New Delhi: ITR Filling 2024 will end on July 31, 2204, for taxpayers aiming to avoid penalties. For taxpayer sunder the old tax regime, house rent allowance or HRA payment helps in saving Income Tax outgo. HRA claims while filing Income Tax returns are a common practice for taxpayers. However, submitting Fake Rent receipts can lead to a notice from the Income Tax (I-T) department. With the help of data analytics and artificial intelligence, the I-T department is targeting taxpayers who furnish fake rent receipts.
Penalty for fake rent receipts
Using fake rent receipts can lead to penalties and legal repercussions under Section 270A of the Income Tax Act, of 1961.
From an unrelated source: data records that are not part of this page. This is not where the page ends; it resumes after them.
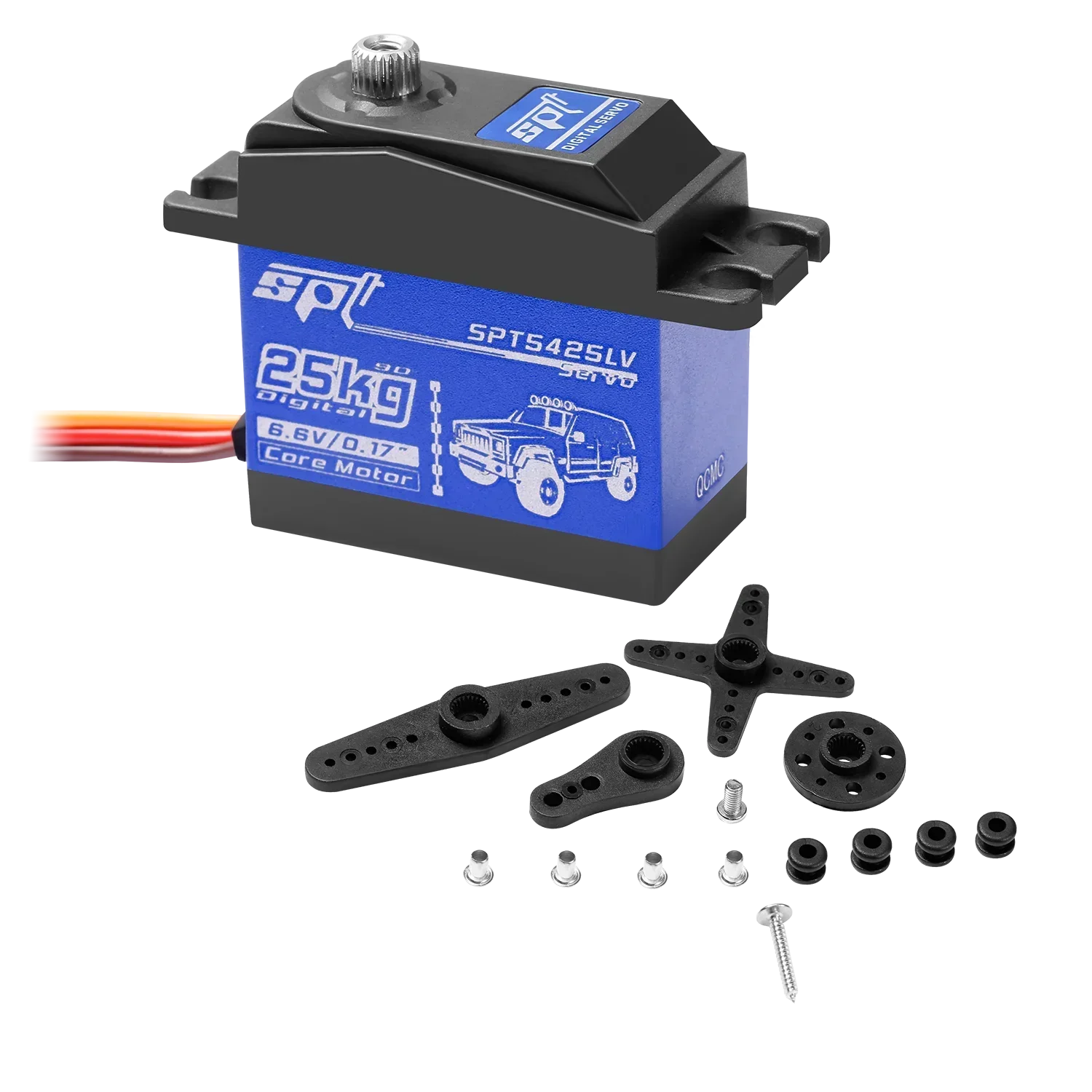 SPT 5425LV 25KG Metal Gear High Speed Large Angle Digital RC Servo for 1/8 1/10 RC Crawler Car Fixed-wing Robot Arm SCX10 TRX4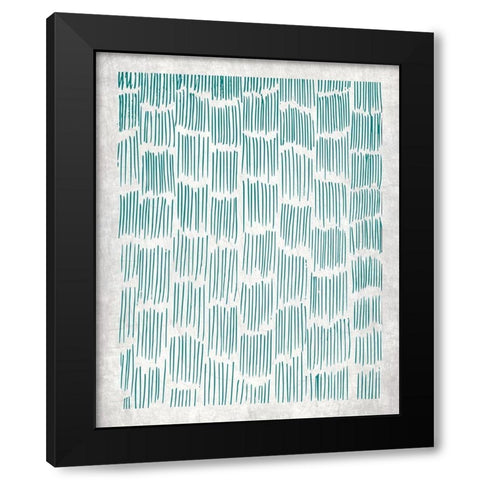 Teal Crosshatched 2 Black Modern Wood Framed Art Print by Allen, Kimberly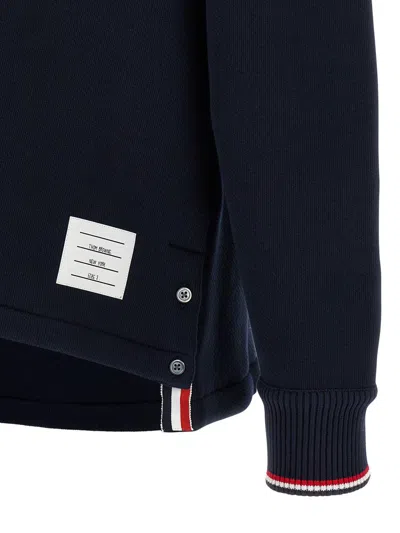 Thom Browne Rwb Tape Hoodie Sweatshirt Blue In Blue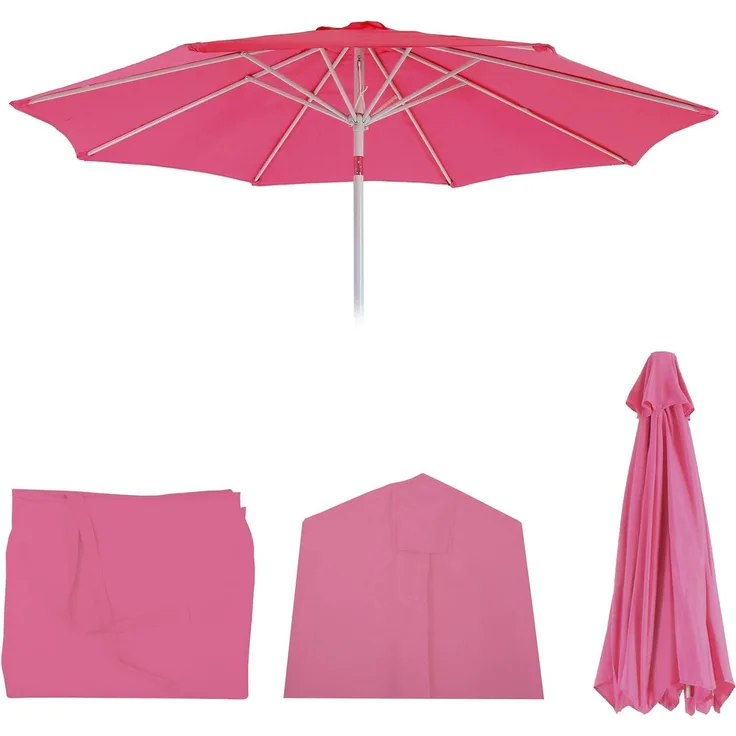 Ersatz-Bezug für Sonnenschirm N19, Sonnenschirmbezug Ersatzbezug, Ø 3m Stoff/Textil 5kg ~ pink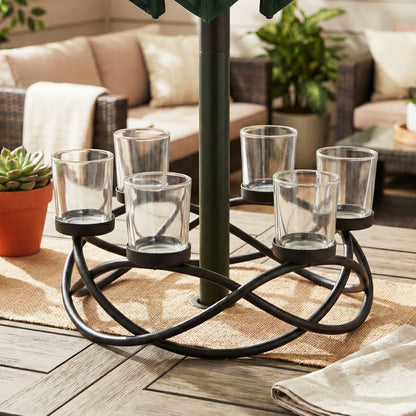 6-Cup Round Candle Holder Table Centerpiece, Clear Cups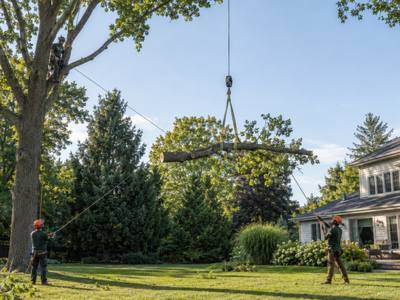 Cut section flown out over the lawn on a crane sling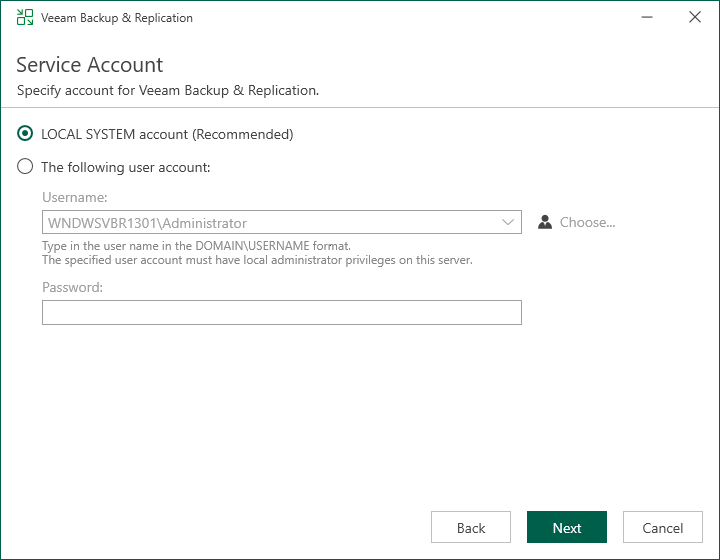 Step 7. Specify Service Account Settings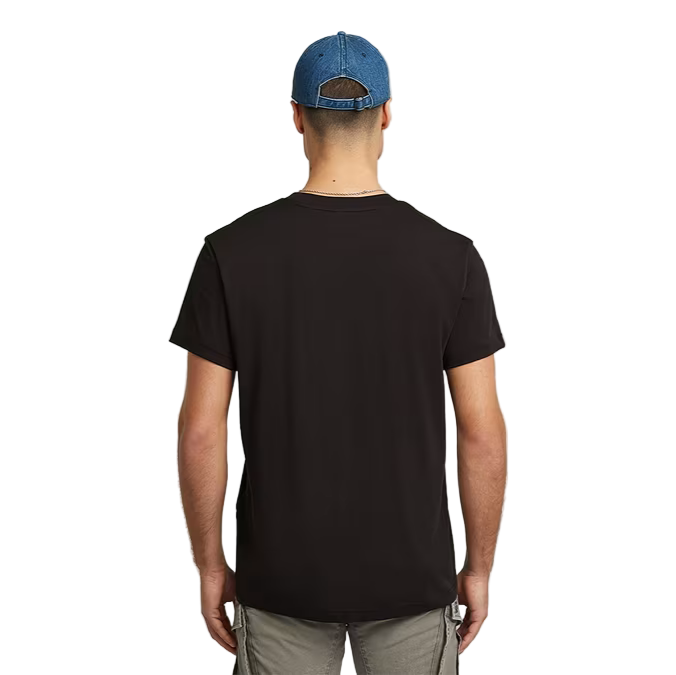  Dark black regular fit T-shirt with straight hem and bold front graphic print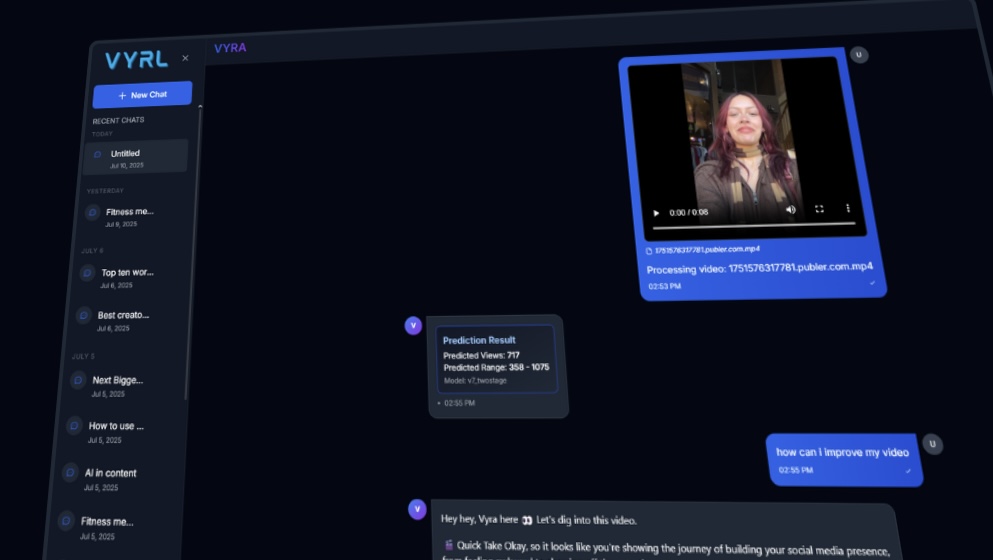 VYRL App in Action - Content prediction interface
Assesses may face penalties of up to 200 per cent of the tax payable on underreported income.
Potential charges of tax fraud and increased tax liability for both the taxpayer and the landlord are also there.
How fake rent receipts are identified?
The I-T department uses several methods to detect fraudulent activities, including:
Data Analytics: Identifying discrepancies in HRA claims across multiple employers.
Artificial Intelligence: Detecting patterns indicative of fake rent receipts.
Verification: Cross-checking rent receipts with landlord details and transaction records.
Can you pay rent in cash?
Paying rent in cash to conceal transactions can further complicate matters since it poses significant challenges, especially when it comes to verification.
If tax authorities question the authenticity of these payments, proving them as genuine can be difficult.
Such transactions invite increased scrutiny from tax authorities.
Both the taxpayer claiming HRA and the landlord receiving the rent may face inquiries and heightened tax liabilities if inconsistencies or discrepancies are detected.
Relying on cash transactions to manage rent payments for tax benefits can lead to serious legal and financial repercussions.
Benefits of HRA for taxpayers
To qualify for House Rent Allowance (HRA), you have to provide proof of rent payment through rent receipts. These serve as evidence for employers to verify and grant deductions accordingly. The amount of HRA that can be claimed as tax-free is determined based on specified criteria under Section 10(13A) of the Income Tax Act. The eligible deduction is calculated as the least of:
the actual HRA received,
50 per cent of salary for individuals residing in metro cities or 40% for those in non-metro areas,
the difference between actual rent paid and 10% of annual salary.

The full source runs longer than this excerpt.